Since this was the first street to be completed on the site. Redrow celebrated the event quite publicly and invited select persons to attend, this included MP Linda Gilroy, a Redrow representative, Devonport Councillors, a DRCP representative, and a few local school-children. In addition Redrow's own mascot was at the launch - a man-sized Buster the Bear. Bill Bannister, a Devonport resident, cut the ribbon at the show-home to mark the launch. Very few residents attended.
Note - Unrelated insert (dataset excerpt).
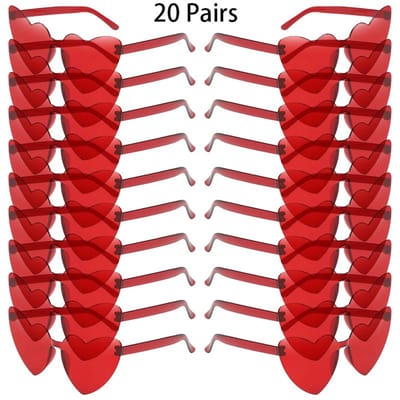 20 Paren Hartvormige Zonnebrillen Mode Randloos Effen Kleur Strand Zonnebrillen Dames Trendy Rave Zonnebrillen as picture shows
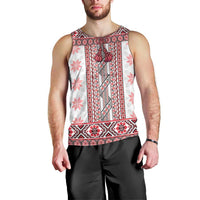 Ukraine Men Tank Top Traditional Braided Rope Belt Red Folk Pattern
I was on the Green twice that day, observing the activities, once at the alloted launch time and again an hour later; both times there was barely a handful of additional persons there (beyond the group organised by Redrow that is).

During the afternoon there was a display inside the sales office in nearby Chapel Street, which was essentially a self-marketing exercise by Redrow, presenting their past, present and future community-involvement exercises, together with sales information packages for purchasers. For smaller children a balloon artist and a face painter were in the sales office.
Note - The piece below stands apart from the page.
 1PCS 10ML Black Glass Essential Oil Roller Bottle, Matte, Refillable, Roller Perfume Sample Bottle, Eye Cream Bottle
Following half a century of disliking the wall, and of wishing for their town centre back again, the launch day promoting the new street was worth celebrating by Devonport residents. However, it's understandable that few turned up for the event, since, as history and later reports went on to show, Devonport residents suffered from 'burn-out' during the millennium redevelopment decade. [2]

(e) More Purchasers Move into Granby Way - July 2008
In a press release published 28 July 2008 [3] Redrow talked of "the first" people to move into the now fully completed row of homes. But their heading was incorrect since their employee, David Gummer, had moved in during August 2007. Royal Naval Petty Officer Chris Faith, with his wife and two daughters had lived in Devonport for 20 years and having watched the new development take shape had moved-in during July 2008. The important issue for this family appeared to be the 'community' aspects of the new development and how that would be positive for their family life. Chris Faith also felt that Devonport as a whole was improved,

Another naval person, Mr James Williams, also moved into one of the properties; he'd worked in South-Yard for a while and thought the area was now "unrecognisble". Mr Willams spoke about there being "hundreds of new homes .... with... shops and community facilities on site and great leisure facilities close by."

(f) Property Prices
If you are reading this page at some point in the future (it's now May 2012) you may be interested to know of the prices originally achieved for the Redrow terraced homes on Granby Way.

At July 2008, when the early group of private purchasers moved into the new homes, prices for the properties were from £118,000 for a one-bedroom apartment and from £180,000 for a four-bedroom townhouse.[3]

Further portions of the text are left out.